*What is needed:*
Output the lines of the records exactly, from the first through the one containing "Hart County Sheriff". Omit all pictures.

(Stored data entries)

+===+

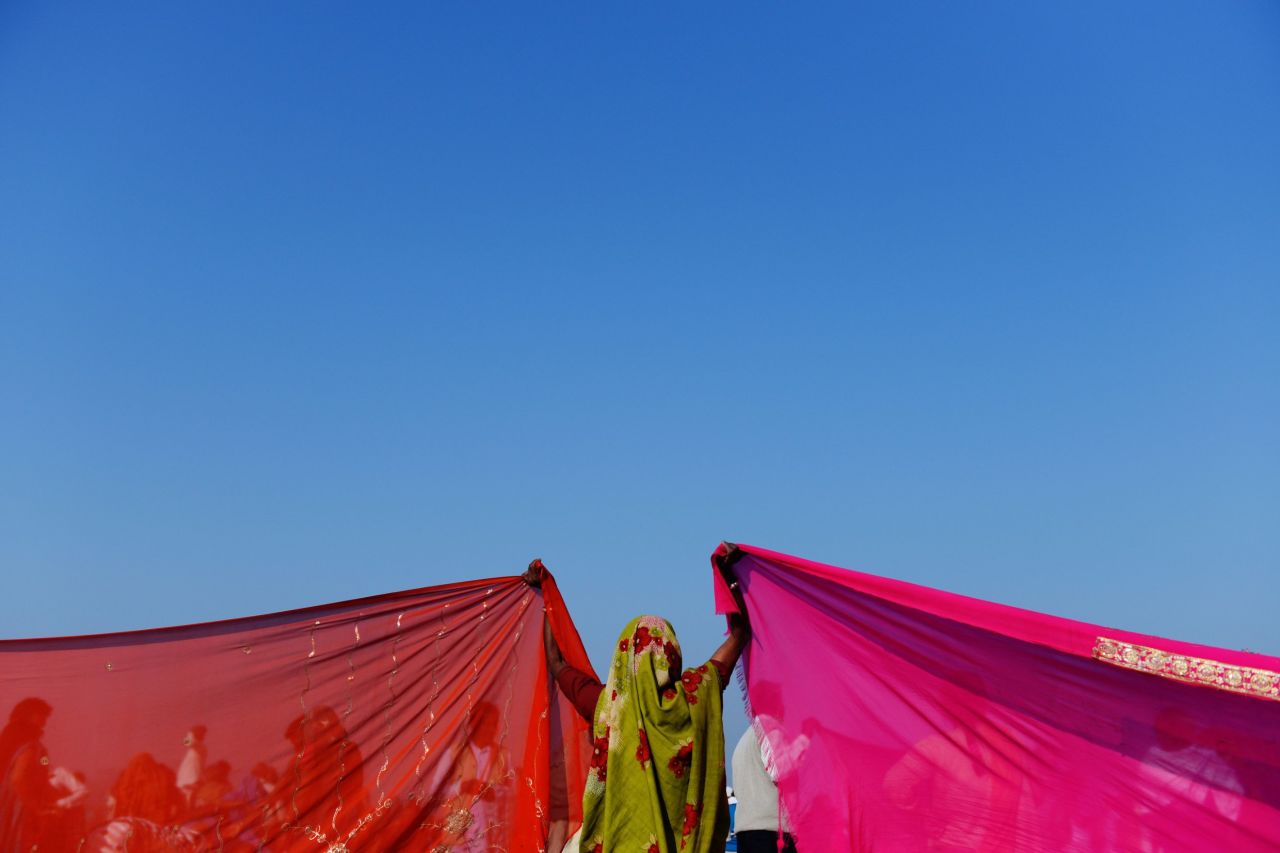An Indian woman holds up the corners of two saris to dry on the banks of the Sangam on February 10.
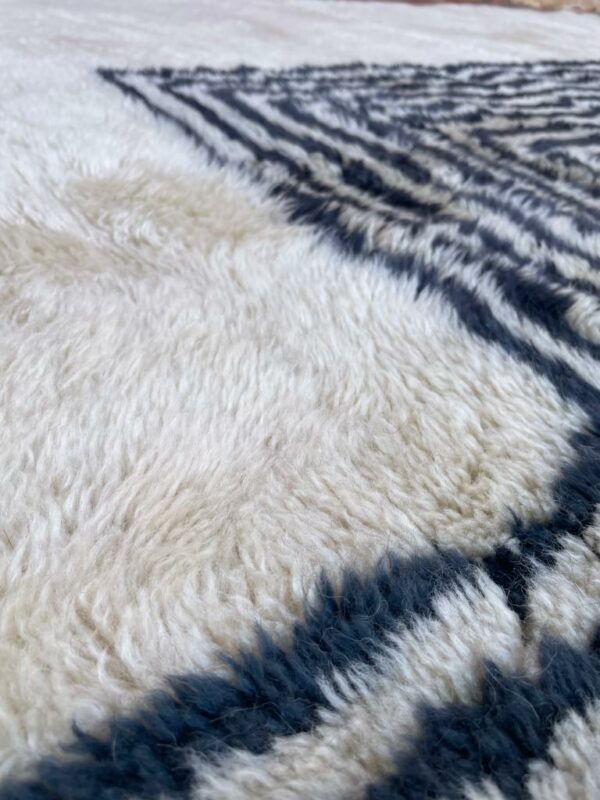 Photo d'un tapis Mrirt rayé camaïeu de bleu et gris, ligne géométrique, sur fond écru. Les tapis Mrirt sont tissé avec des nœuds doubles ce qui en fait des tapis particulièrement dense.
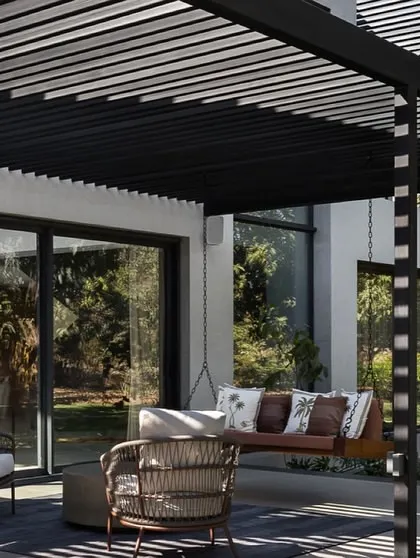 Another view of the outdoor lounge area, highlighting the interplay of light and shadow created by the overhead structure. This space serves as a natural extension of the home's interior living areas.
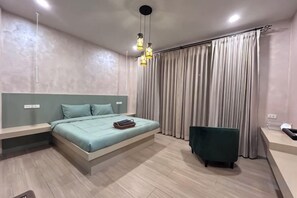 A modern bedroom with a bed, bedside tables, a bench, and a green chair. - Baanjeab in khaoyai (Pak Chong)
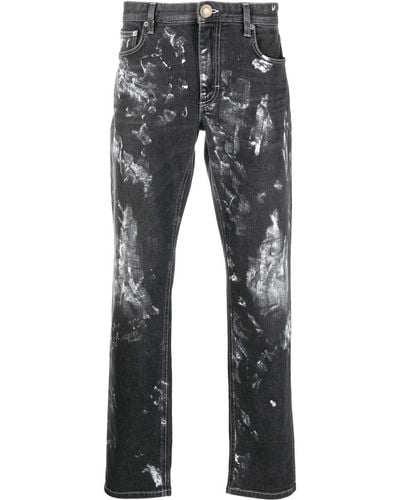 Roberto Cavalli Distressed-Jeans mit Logo-Print - Schwarz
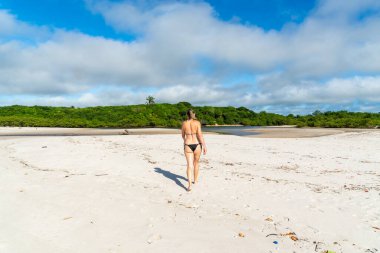 Young beautiful woman walking on the beach sand towards the trees and the mangrove. Praia do Guaibim, coast of the sea of Bahia, Brazil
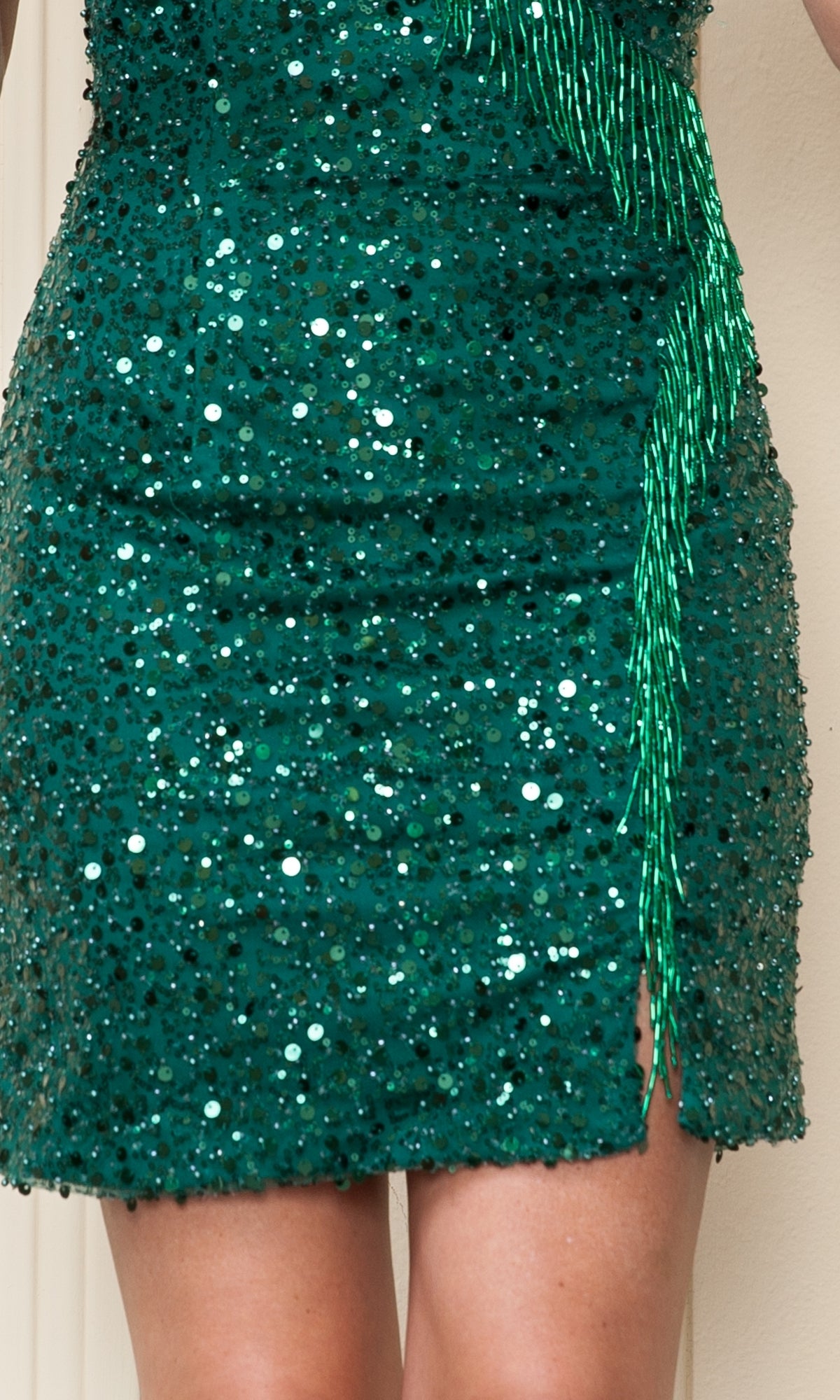 Close-up of a person wearing the Sequin Fringe Short Homecoming Dress 8926, a green strappy-back party dress with sequins, a thigh-high slit, and sparkling green beaded fringe detail.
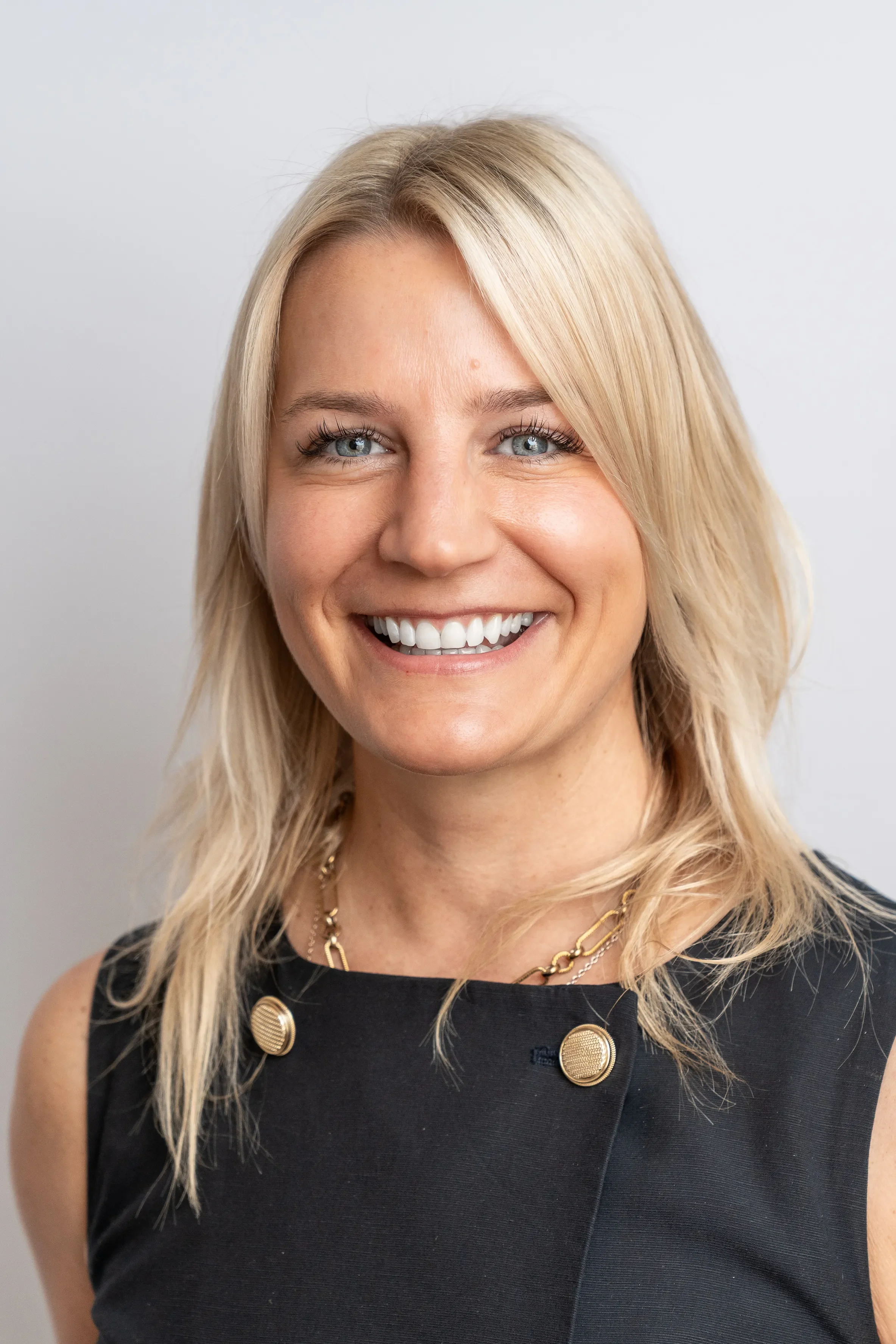Close-up of a smiling woman with blonde hair, wearing a black sleeveless top and gold jewelry, against a plain light background.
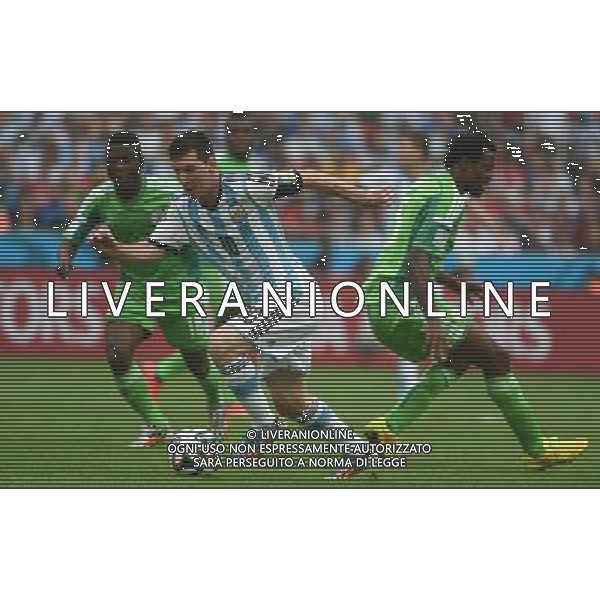 (140625) -- PORTO ALEGRE, June 25, 2014 () -- Argentina\'sLionel Messi (front) runs with the ball during a Group F match between Nigeria and Argentina of 2014 FIFA World Cup at the Estadio Beira-Rio Stadium in Porto Alegre, Brazil, on June 25, 2014.(/Li Ga)(pcy) AG ALDO LIVERANI SAS ONLY ITALY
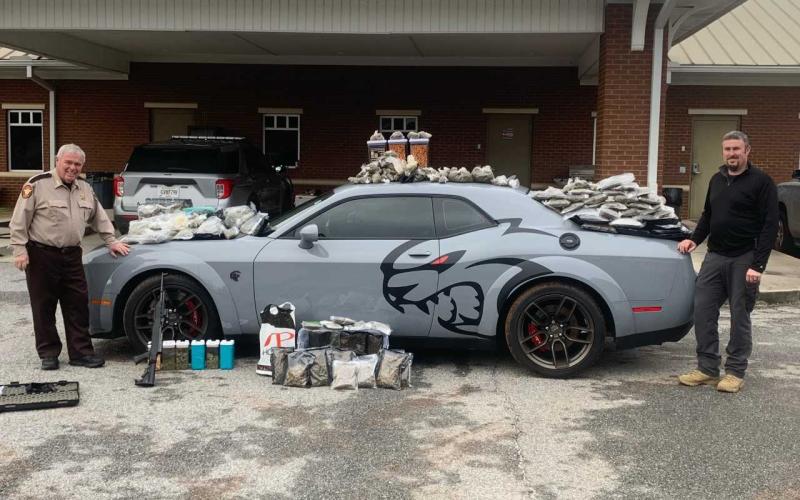 Hart County Sheriff Mike Cleveland (left) and Capt. Chris Carroll stand with the seized "Jail Break Hell Cat" Dodge Challenger, drugs and weapons.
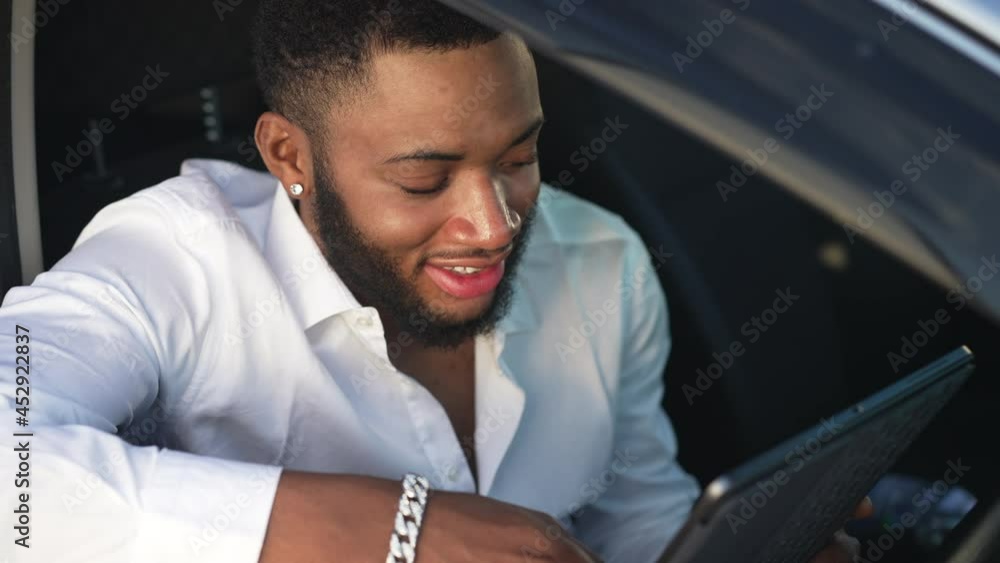 Smiling gay man reading messages in social media using app on tablet sitting in car. Portrait of happy African American confident handsome gay messaging online in sunset sunshine Smiling gay man reading messages in social media using app on tablet sitting in car. Portrait of happy African American confident handsome gay messaging online in sunset sunshine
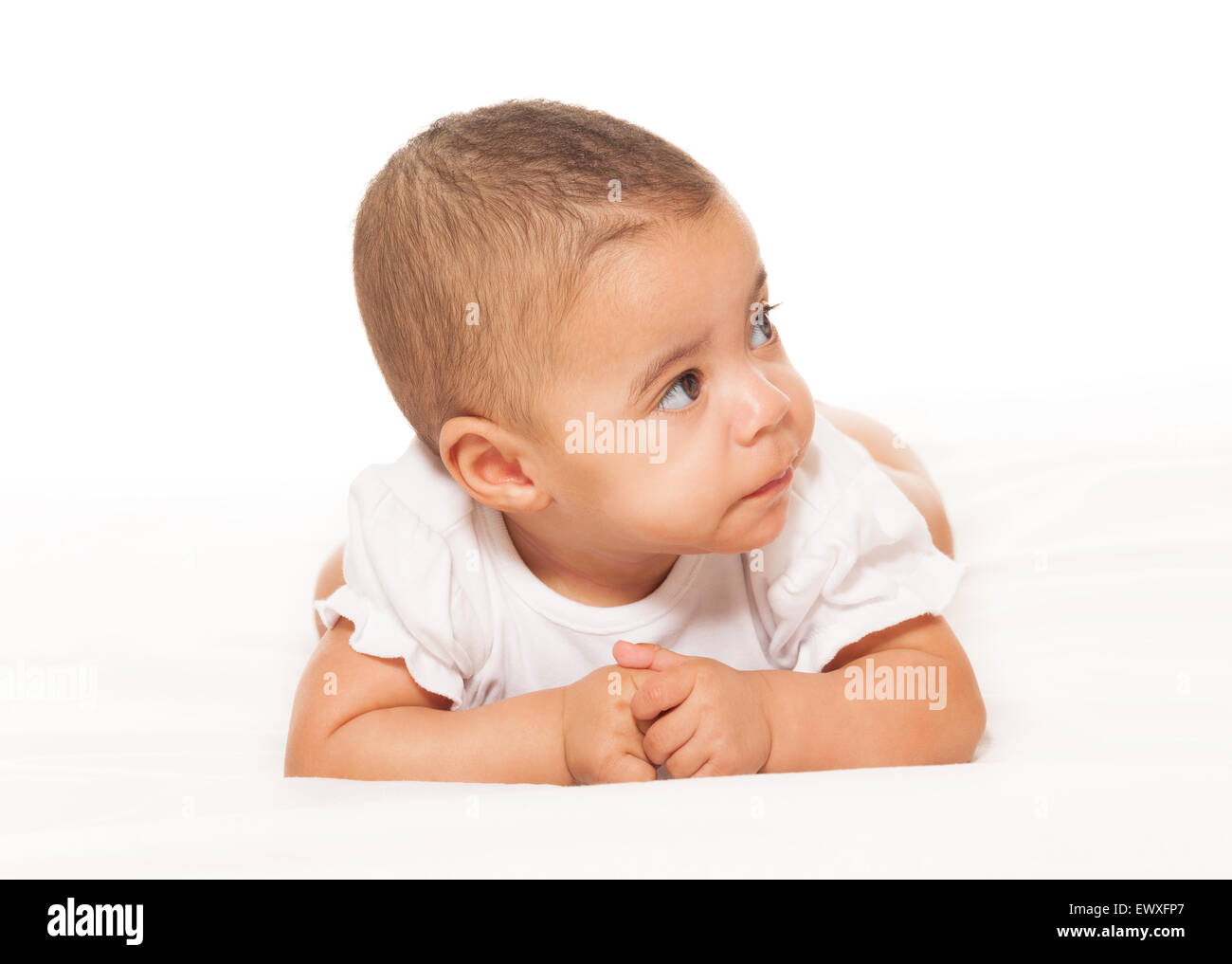 Curious looking African baby in white bodysuit Stock Photo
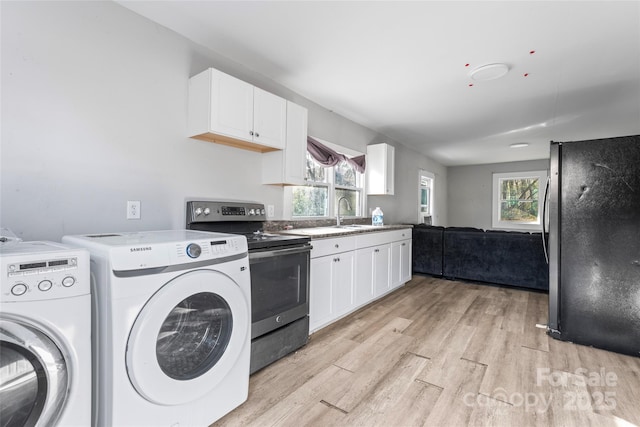 laundry area with light wood finished floors, laundry area, washer and dryer, and plenty of natural light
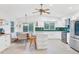 Updated kitchen with white cabinets, green tile backsplash, and island at 220 Ciboa Ave, North Port, FL 34287
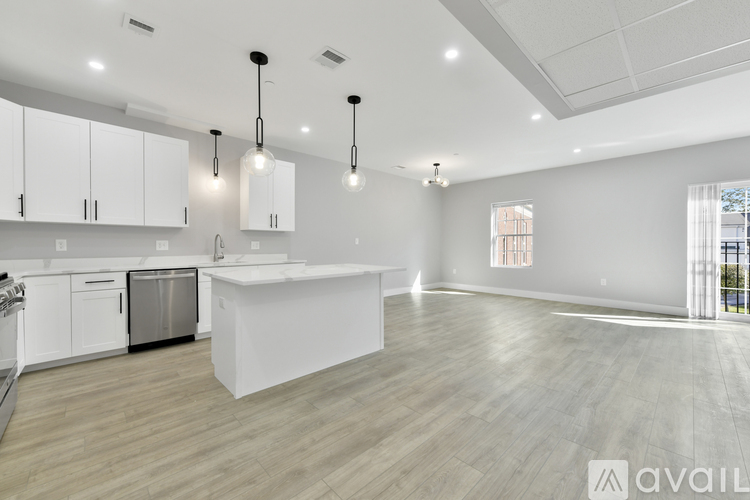 A modern kitchen with white cabinets and a large island.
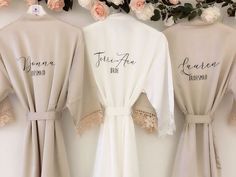 three robes with embroidered names on them hanging up against a wall covered in flowers and greenery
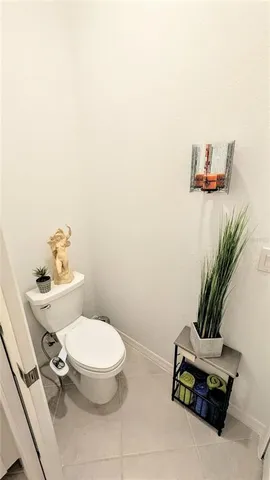a bathroom with a toilet and a potted plant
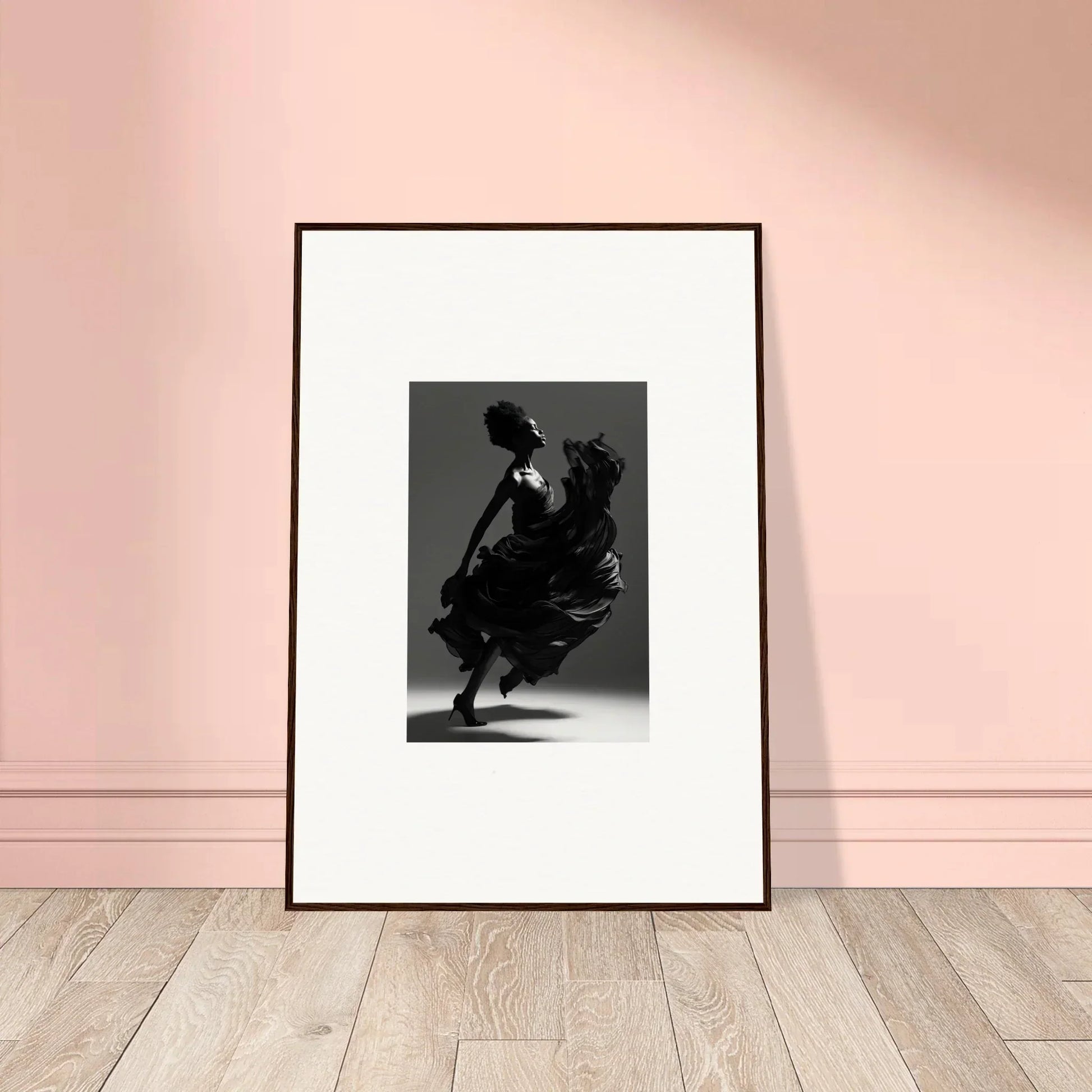 Framed black-and-white photograph of a dancer in motion wearing a flowing dress.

+===+

*Solution to this task:*
An Indian woman holds up the corners of two saris to dry on the banks of the Sangam on February 10.
 Photo d'un tapis Mrirt rayé camaïeu de bleu et gris, ligne géométrique, sur fond écru. Les tapis Mrirt sont tissé avec des nœuds doubles ce qui en fait des tapis particulièrement dense.
 Another view of the outdoor lounge area, highlighting the interplay of light and shadow created by the overhead structure. This space serves as a natural extension of the home's interior living areas.
 A modern bedroom with a bed, bedside tables, a bench, and a green chair. - Baanjeab in khaoyai (Pak Chong)
 Roberto Cavalli Distressed-Jeans mit Logo-Print - Schwarz
 Young beautiful woman walking on the beach sand towards the trees and the mangrove. Praia do Guaibim, coast of the sea of Bahia, Brazil
 Close-up of a person wearing the Sequin Fringe Short Homecoming Dress 8926, a green strappy-back party dress with sequins, a thigh-high slit, and sparkling green beaded fringe detail.
Close-up of a smiling woman with blonde hair, wearing a black sleeveless top and gold jewelry, against a plain light background.
 (140625) -- PORTO ALEGRE, June 25, 2014 () -- Argentina\'sLionel Messi (front) runs with the ball during a Group F match between Nigeria and Argentina of 2014 FIFA World Cup at the Estadio Beira-Rio Stadium in Porto Alegre, Brazil, on June 25, 2014.(/Li Ga)(pcy) AG ALDO LIVERANI SAS ONLY ITALY
 Hart County Sheriff Mike Cleveland (left) and Capt. Chris Carroll stand with the seized "Jail Break Hell Cat" Dodge Challenger, drugs and weapons.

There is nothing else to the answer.